(Material provided)
════════════════════

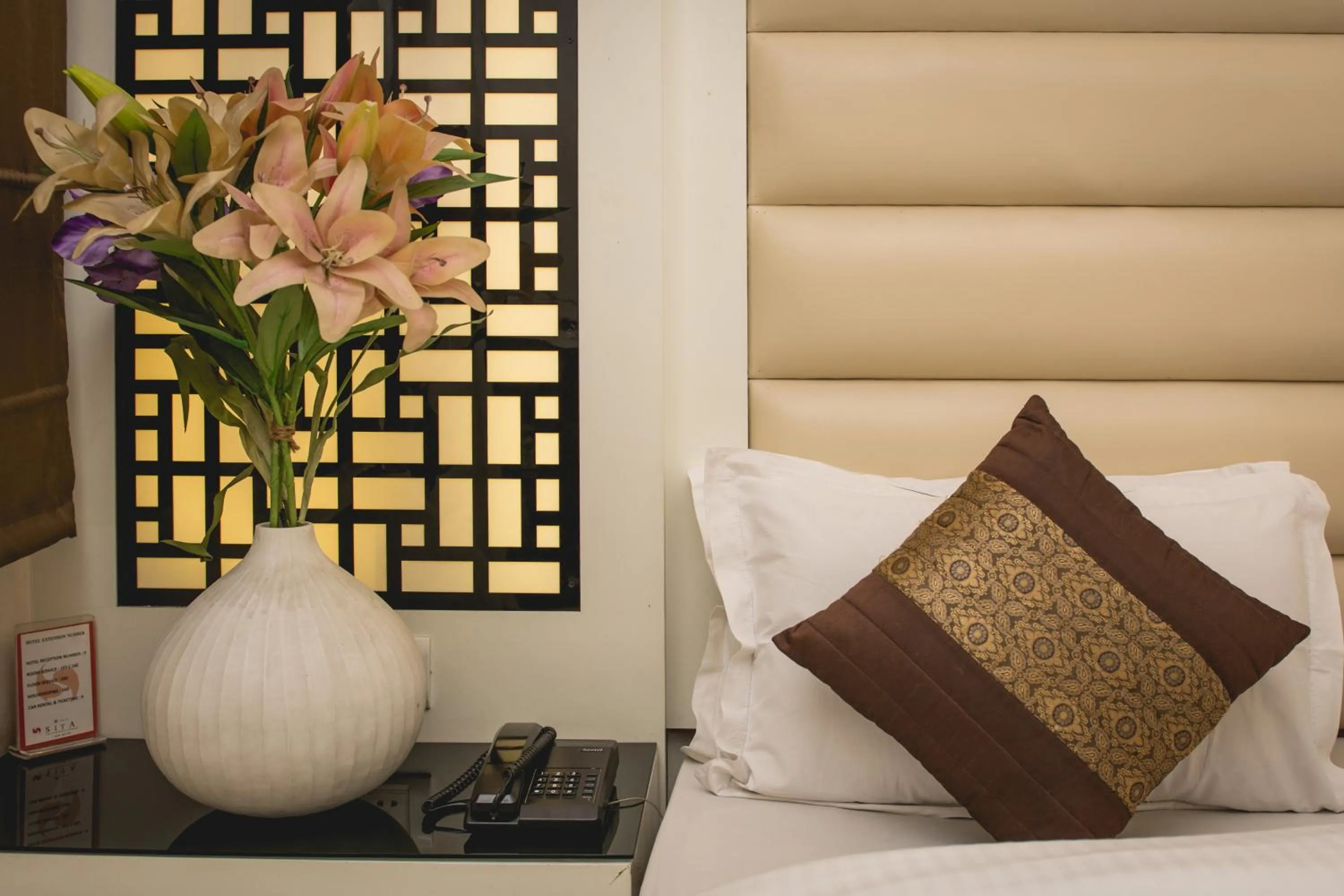 Decorative detail, Bed in Hotel Sita International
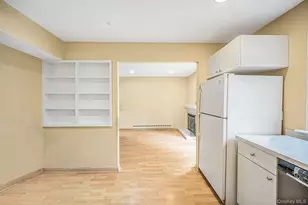 14 Petersburg Ct, Coram, NY 11727 - Photo 7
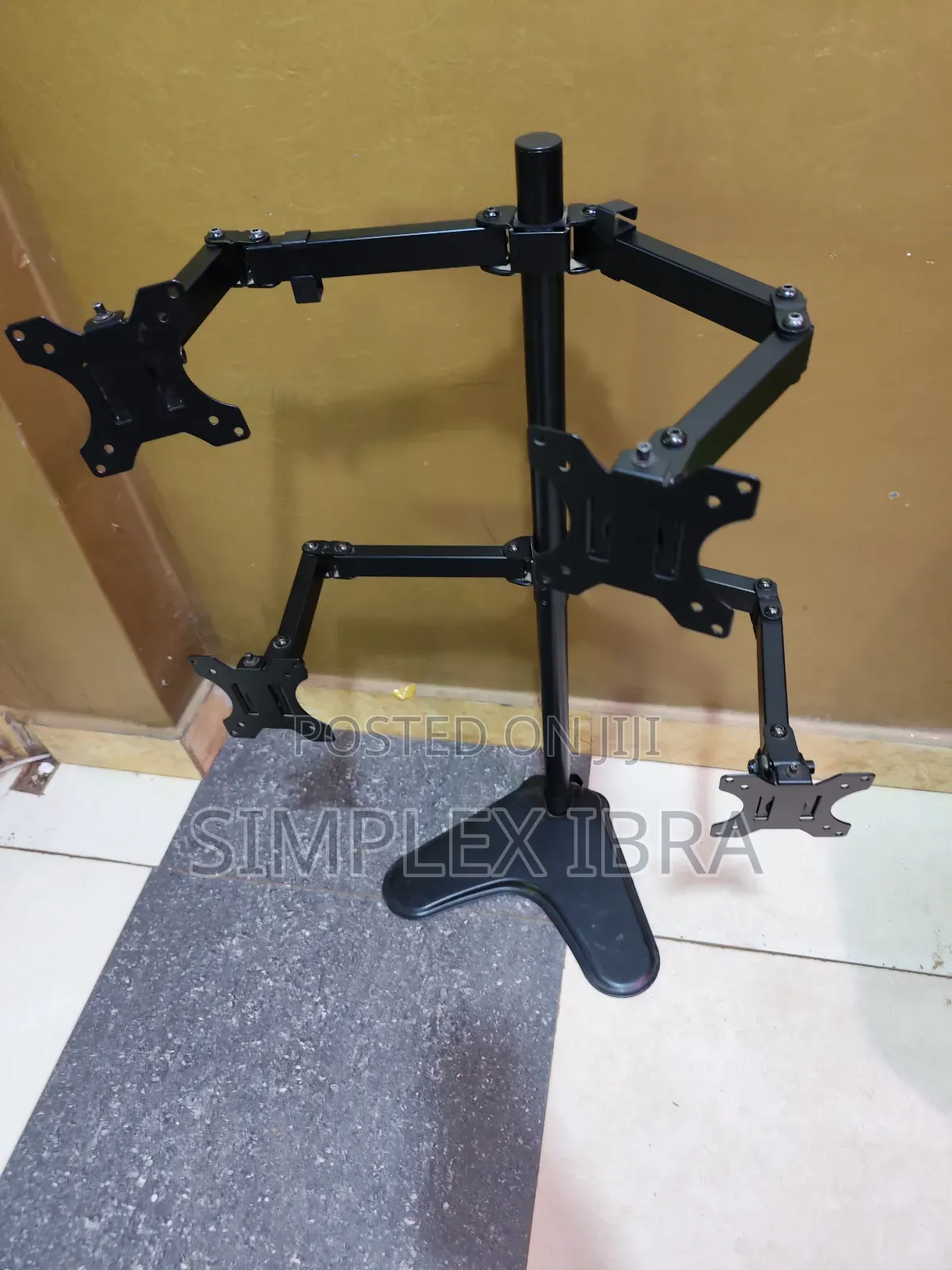 4 Monitor Adjustable Stand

════════════════════

(Assignment)
The aim is an exact repeat of the entire listing, stripped of pictures.

(Result of the task)
 Decorative detail, Bed in Hotel Sita International
 14 Petersburg Ct, Coram, NY 11727 - Photo 7
 4 Monitor Adjustable Stand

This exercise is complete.